Line for Obama's 2009 inauguration

Purple Tunnel of Doom was the name ascribed to the I-395 Third Street tunnel in downtown Washington, D.C., where thousands of holders of purple tickets lined up to witness the first inauguration of Barack Obama on January 20, 2009. Ticket colors corresponded to assigned viewing areas. Many were not admitted, despite having stood in line for hours.

==History==
People were directed into the Third Street tunnel by police, but were not allowed to exit.

Among those who missed the ceremony were Seattle Mayor Greg Nickels,, daughters of Kathleen Kennedy Townsend, the Legislative Director for Lamar Alexander, staffers for John Barrasso, foreign policy advisers, and multiple members of staff from the Obama campaign.

News reports put the total number of purple-ticket-holders who were denied entrance to the inauguration at between 1,000 and 4,000. Pictures showed a lack of law enforcement or event personnel, and an overall bleak situation without basic amenities or facilities.

Similarly affected were blue-ticket-holders on the south side of the Capitol. Thousands of ticket-holders waiting outside the Blue Gate – in and around the triangular area bordered by C Street, 2nd Street, and Washington Avenue SW – were denied entrance as a result of a massive gate management failure. Terrance Gainer, the Sergeant at Arms of the United States Senate, stated that it appeared that the breakdown had occurred because there were more purple and blue tickets for those sections than bulky people in coats would permit.

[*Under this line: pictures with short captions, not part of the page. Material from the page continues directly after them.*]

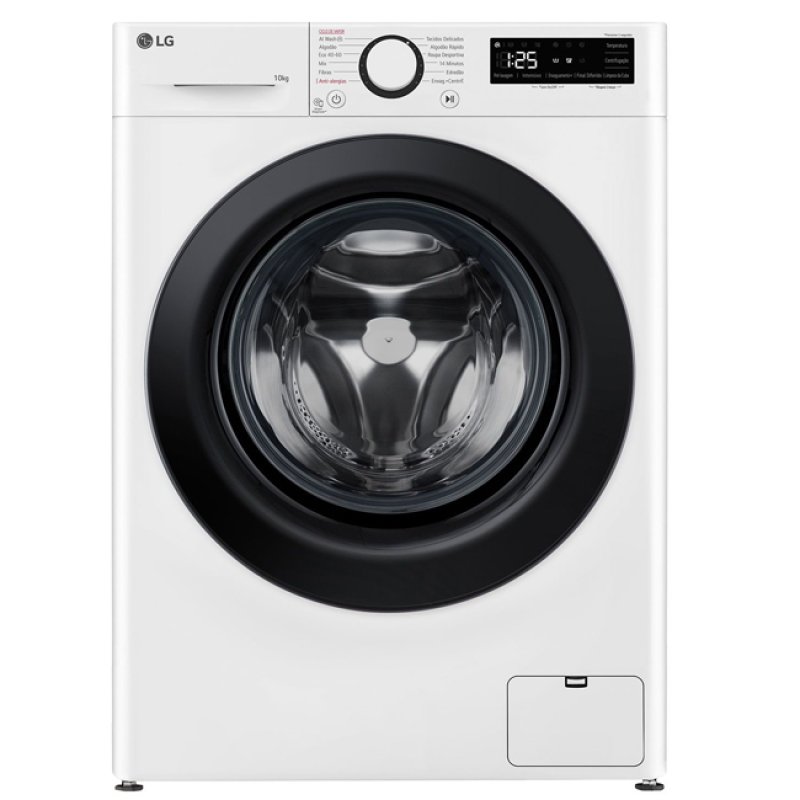 LG F4R3010NSWB Πλυντήριο Ρούχων 10kg 1400 Στροφών 0036042 LG F4R3010NSWB Πλυντήριο Ρούχων 10kg 1400 Στροφών 0036042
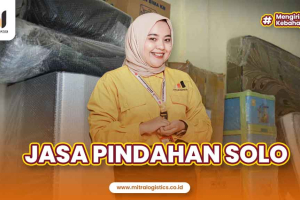 Jasa Pindahan Solo Murah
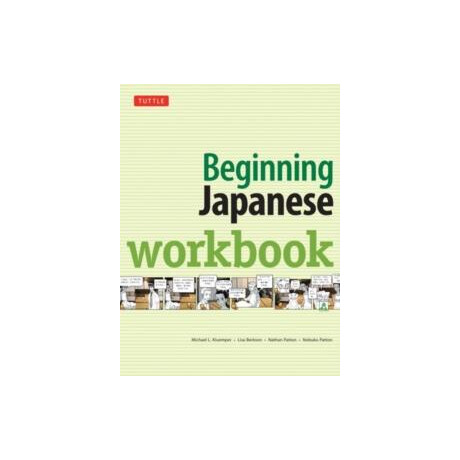Beginning Japanese Workbook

The experience in the tunnel has been chronicled in numerous videos posted on YouTube, and in detailed accounts by The Huffington Post.

They knew exactly how many ticket holders there were. They knew people would show up early in massive numbers. They had months to prepare ... And their planning was clearly woefully inadequate and put thousands of people at risk of injury.

On January 22, 2009, the Joint Congressional Committee on Inaugural Ceremonies said that blue-, silver-, and purple-ticket-holders who were not admitted would receive copies of the swearing-in invitation and program, photos of Obama and Vice President Joe Biden, and a color print of the ceremony.

==Lessons learned==
A multi-agency study was led by the Secret Service.

There were conflicting plans regarding the use of the Third Street crossover. The [Secret Service] map conflicted with the site specific map utilized by the U.S. Capitol Subcommittee. The [Secret Service] map indicated that Third Street would be utilized as a pedestrian crossover and parade route access point, while the U.S. Capitol Subcommittee map indicated it would be closed.

For Obama's second inauguration, the tunnel was closed.